# Gee mom, does this mean I'm a real Uber driver now?



## StrikeToWin (Aug 31, 2021)

After doing ride share for 5 months now, I finally received my 1st one star rating. I have no idea why since I can't recall any bad rides or confrontational rides. I have received a couple of 4 stars but mostly get 5 star ratings. Oh well, I guess I can wear my 4.99 rating with pride....


----------



## elelegido (Sep 24, 2014)




----------



## FLKeys (Dec 27, 2018)

StrikeToWin said:


> After doing ride share for 5 months now, I finally received my 1st one star rating. I have no idea why since I can't recall any bad rides or confrontational rides. I have received a couple of 4 stars but mostly get 5 star ratings. Oh well, I guess I can wear my 4.99 rating with pride....


Look back through your ride details and see who got refunded by Uber. Or some one was confused and rated 1 instead of 5.

You will be a real Uber Driver when you get that elusive 2 ⭐


----------



## StrikeToWin (Aug 31, 2021)

FLKeys said:


> You will be a real Uber Driver when you get that elusive 2 ⭐


I actually got a 3 this weekend for some reason so now all I need is the 2.....


----------



## TulsaUberDriver (11 mo ago)

StrikeToWin said:


> I actually got a 3 this weekend for some reason so now all I need is the 2.....


Like hitting for the cycle in a baseball game.


----------



## Disgusted Driver (Jan 9, 2015)

2's are really hard! I don't have any now but at one point I had 3, 2 star ratings.
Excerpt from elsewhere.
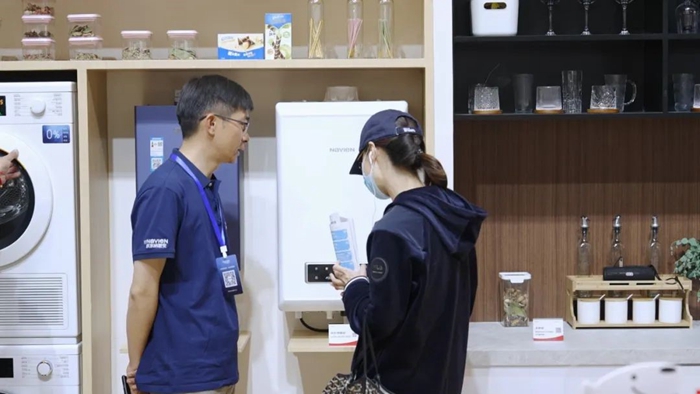 2023AWE圆满落幕,庆东纳碧安引领冷凝壁挂炉发展新风尚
It tells me I really suck but I'm not the worst they've seen! Bottom line, if you don't have any 1's you aren't trying hard enough. My one's come from people who think I should donate my time at drive thru's for their benefit.


----------



## ubercrashdummy (Mar 5, 2015)

For those times the customer thought you were a total piece of crap but then remembered one redeeming quality about you.


----------



## elelegido (Sep 24, 2014)

Disgusted Driver said:


> My one's come from people who think I should donate my time at drive thru's for their benefit.


You're just not a community player.


----------